Why does AI infrastructure need its own security approach? Isn't traditional cloud security enough?

Model

Traditional security watches the perimeter and the network. But AI systems create new attack surfaces—you can manipulate a language model through the prompts you feed it, or trick it into revealing its training data. These threats don't show up in network logs the way a port scan does. You need to watch what the model is actually doing, in real time.

Inventor

So Upwind is essentially adding a security layer that understands AI-specific attacks.

Model

Exactly. And they're doing it without slowing things down. That's the hard part. When you add monitoring to a system, you usually pay a performance cost.

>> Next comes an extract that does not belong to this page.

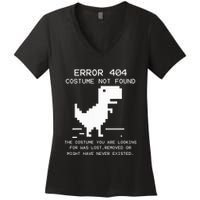 Trex Error 404 Costume Not Found Halloween Coding Programmer Women's V-Neck T-Shirt
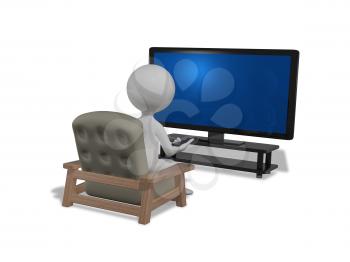 Royalty Free Clipart Image of a Person Watching Television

Upwind claims zero impact, which matters when you're running inference at scale—every millisecond counts.

Inventor

What does it mean that they're using NVIDIA's own tools—NIM and Garak—to do this?

Model

It's a smart move. NIM microservices are NVIDIA's building blocks for AI applications, so Upwind is using the same language, so to speak. And Garak is NVIDIA's own testing framework for finding weaknesses in language models. By using it, Upwind gets credibility and alignment with what NVIDIA customers already understand.

Inventor

The announcement mentions five key advantages. Are those real technical wins or marketing language?

Model

They're real, but they're also the things every enterprise wants to hear. Performance, flexibility, cost, privacy, customization. The substance is that this partnership lets you run AI safely in different environments—public cloud, private data center, sovereign cloud—without compromising on security or speed.

Inventor

Who actually benefits most from this?

Model

Large enterprises deploying AI at scale. If you're running one small language model, you probably don't need this level of sophistication. But if you're NVIDIA's customer—if you've bought DGX systems or Blackwell chips—and you're running multiple AI workloads in production, you need to know they're protected and compliant. That's where Upwind comes in.